I started swimming competitively as a year round sport when I was 6 years old. My age group swim coach was Team USA swim coach David Marsh. He was a graduate student at Auburn University at the time after swimming for Auburn. I competed in my first triathlon 31 years ago at the age of 14 as a relay with my dad and best friend at the West Point Lakes Tri in Georgia.

Being an Alabama native, you’re clearly a huge Crimson Tide fan, correct? ;) What brought you out west and how does Utah compare to what some affectionately refer to as the “Dirty South?”

Let’s clear this up:) I was raised in Auburn and graduated from Auburn University. I am a die hard Auburn fan! War Damn Eagle! I lived in Park City for a short stint during the time period of the Winter Olympics and managed a restaurant on Main Street. I left the area after the Olympics but never lost my love of the mountains. In the fall of 2014 my husband Pat and I wanted a big change to align better with our endurance training and coaching. We gave more than half of our belongings away and loaded up a U-Haul headed to Utah. I still pinch myself every time I see the mountain views! This is home! 

How would you summarize your 2017 season overall?

My priority over the past 3 years has been to build my coaching experience to become a full time triathlon coach rather than coaching as a hobby. I had not raced in over two years coming in to this season. I dedicated my time 100% to my coached athletes and supporting their racing. This year was a fun challenge to regain my fitness and get back in to competition shape. I raced mostly Ironman events while representing Coeur Sports on their ambassador team. I only raced one local race, Salem Sprint winning first place in my age group. My long course racing was comprised of Ironman Oceanside 70.3, Ironman Saint George 70.3, Ironman Boulder 140.6 and coming soon Kona!

Probably answered above, but where did you qualify, and what was your reaction when you found out you were going to Kona?

I was automatically entered in to a contest I knew nothing about called The Road To Kona Through Boulder. Ten athletes registered for Ironman Boulder were drawn randomly to race Kona. I was notified through a Facebook Live video from race director Dave Christensen in Boulder. I was in shock! I literally did not know about the contest! This was December 23 that I was notified. It was the best Christmas gift ever, aside from my Christmas Day engagement to Pat the previous year!

What are you most looking forward to and most terrified about thinking ahead to the race?

I’m looking forward to celebrating all the challenges each competitor has overcome to reach the race. We all have our own stories of triumph. I know mine but we all have something huge that we’ve overcome in life to get where we are. I want to celebrate my victories and my life failures all at once by putting my body to the ultimate test of riding in to the epic winds and facing the heat of the lava fields. There will be many emotions on race day. I hope I get my crying done before the finish line. LOL! 

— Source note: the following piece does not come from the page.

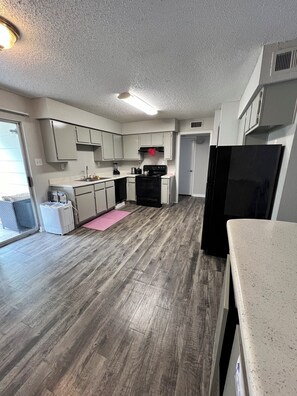 Private kitchen - Westchase private room with private bathroom plus kitchen, gated community (Houston)
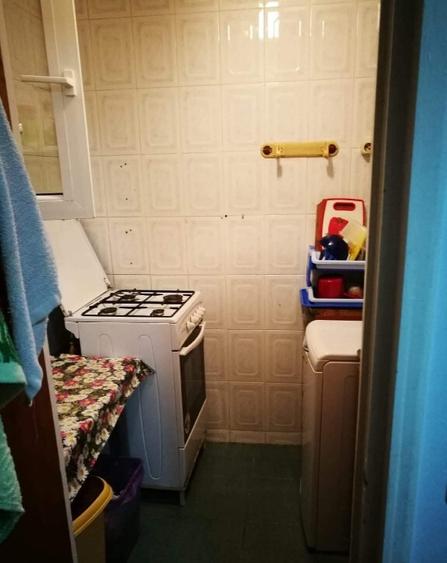 Proprietar. La METROU Costin Georgian, Garsoniera Etaj 2/4 - 9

Oceanside, with fast SLTC bee Xavier Lucio in the background

Locally, we see your name at two opposite ends of the racing spectrum this season: the fast & fun Salem Sprint and the brutal St. George 70.3. What’s your favorite distance, and what are your favorite local races you’ve competed or spectated at?

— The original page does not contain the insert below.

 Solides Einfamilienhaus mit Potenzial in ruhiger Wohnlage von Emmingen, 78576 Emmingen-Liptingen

My favorite distance to race is 70.3. It is pretty attainable to train for without becoming a part time job like Ironman. Every time I do an Ironman (this will be my 5th) I think it will be my last then I wake up the next day ready for another entry. Ironman Saint George 70.3 is my favorite Utah race. I competed in it twice and coached many training camps on the course. I love the beauty and the challenging terrain and weather.

Sage Maaranen included a picture of you and her in her interview after a hard session on the trainer. In your opinion, who comprise the men’s and women’s podiums for most impressive feats of sweating at BAM HQ?

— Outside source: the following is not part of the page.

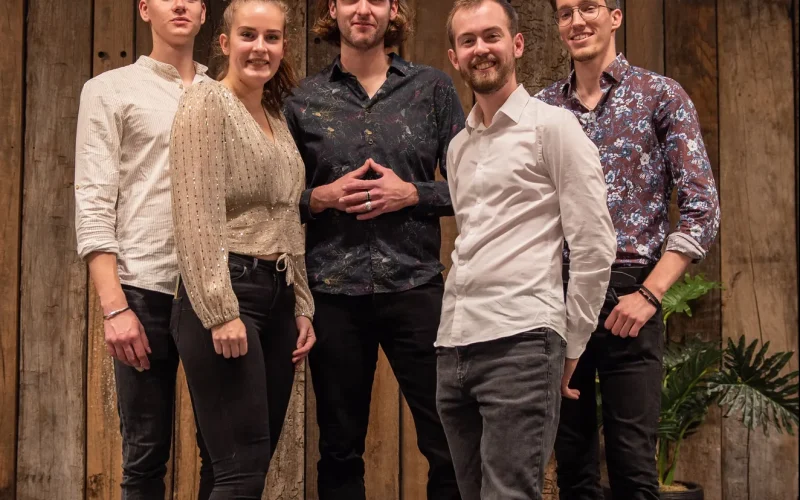 History Repeats boeken bij Burolivemuziek.nl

I interpret this question literally as who sweats the most at BAM which is hands down Mick Campbell for the men with a runner up of Sam Hobi. The women’s field sweat winner may be Tracy Campbell (sweaty couple award) with runner up Skye Moench. So much sweating goes on at BAM’s Indoor cycling!

When did you get started with coaching, and what are your favorite aspects of it?

I started coaching over ten years ago as a strength and conditioning coach at the collegiate level for Alabama State University as their assistant strength coach. I started coaching triathlon in 2012 and quickly found my niche working with athletes that had previous injuries and needed a little extra work to come back after injury. Many coaches won’t work with injury prone athletes due to risk. My background as a Certified Strength and Conditioning Specialist provides the experience needed for me to feel comfortable working with high risk populations. I now focus my coaching on long course athletes from intermediate to pro.

What do you hope to take away from your Kona experience?

This will be my third year in a row being at Ironman World Championships but first year racing. Each year I have volunteered at the finish line and watched athletes achieve the ultimate dream of crossing the most famous finish line in the world. I want that memory of finishing ingrained forever in my bank of experiences.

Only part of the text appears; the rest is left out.